Invoca que, tendo detectado irregularidades praticadas pelos gerentes (…) e (…), e apercebendo-se que estes haviam deixado a gestão da sociedade aos funcionários, endereçou à gerência, em 9 de Setembro de 2009, uma carta na qual solicitou a documentação da empresa. A 14 de Outubro de 2009 deslocou-se à empresa que presta serviços de contabilidade à sociedade, para consultar a documentação, tendo então constatado outras irregularidades. Na sequência desta consulta, e porque constatou a falta de diversos documentos, a 26 de Outubro de 2009 endereçou uma nova carta à requerida, solicitando alguns esclarecimentos, solicitação que reiterou por nova missiva de 10 de Novembro de 2009, sem obter resposta. Encetou então diversas diligências, nomeadamente consultas da prestação de contas de 2008 na Conservatória do Registo Comercial de Lisboa, no âmbito das quais detectou mais irregularidades que denotam que a gestão da sociedade tem sido lesiva do interesse social. Por fim, no dia 7 de Janeiro de 2010, através da sua advogada, endereçou nova carta à gerência em que reiterou o pedido de documentos.

Alega ainda que se não fossem as diligências que efectuou, desconheceria quase por completo a situação financeira e contabilística da sociedade requerida, o que representa uma violação do seu dever de informação, e que pretende se proceda a inquérito a fim de descobrir as irregularidades apontadas e outras que se venham a apurar. Invoca por fim que, tendo adquirido a qualidade de sócio por ser herdeiro do titular da quota social, tem legitimidade para, desacompanhado dos demais herdeiros, pedir a realização de inquérito judicial, requerendo contudo à cautela, caso assim se não entenda, a intervenção principal provocada dos demais herdeiros.

Foram citados para contestar a acção a requerida I (…) Lda.

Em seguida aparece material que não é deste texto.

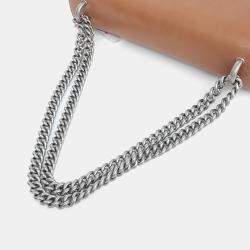 Gucci Brown Leather Dionysus Chain Shoulder Bag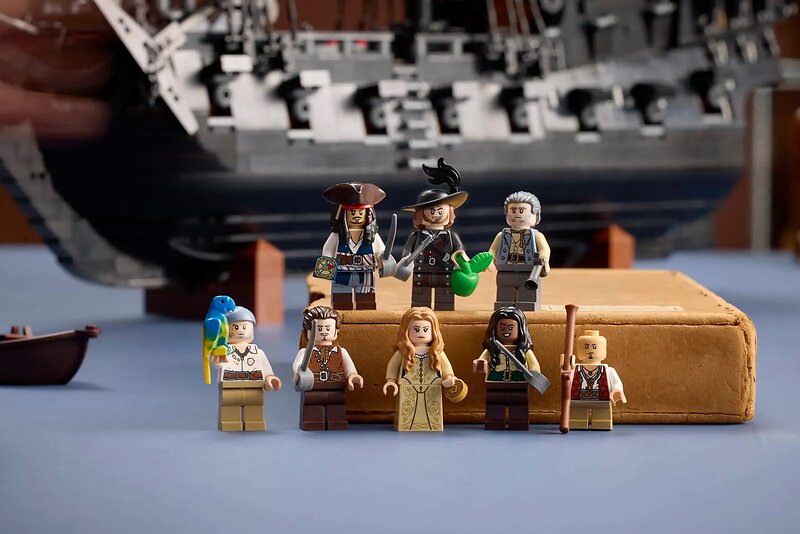 LEGO Icons 10365 Kapten Jack Sparrows piratskepp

e os gerentes (…) A requerida I (…) Lda.

apresentou contestação, começando por invocar a ilegitimidade do requerente para requerer o presente inquérito judicial, por considerar que este não pode exercer autonomamente os direitos sociais emergentes da quota social cuja titular é a herança indivisa, e que, mesmo que se configure esta situação como contitularidade da quota, os respectivos contitulares apenas podem exercer os direitos a ela inerentes, nos termos do artigo 222º do Código das Sociedades Comerciais, através de representante comum, que no caso será a cabeça-de-casal, mãe do requerente. Acrescenta que, mesmo que assim não fosse, o requerente só teria legitimidade para requerer inquérito relativamente aos factos ocorridos a partir de 18 de Julho de 2009, data da morte do seu pai.

Mais invoca que a petição inicial é inepta por inexistência de pedido, porquanto o requerente não indica as concretas informações societárias que lhe não foram facultadas ou que lhe foram facultadas de forma deficiente. Refere que o único fundamento que divisa para o pedido de inquérito judicial por entrave ao exercício do direito de informação se reporta às missivas onde se solicita a acta que aprovou as contas respeitantes ao exercício de 2008, as quais não foram objecto de resposta por se desconhecer o mandato conferido à ilustre mandatária que as subscreveu.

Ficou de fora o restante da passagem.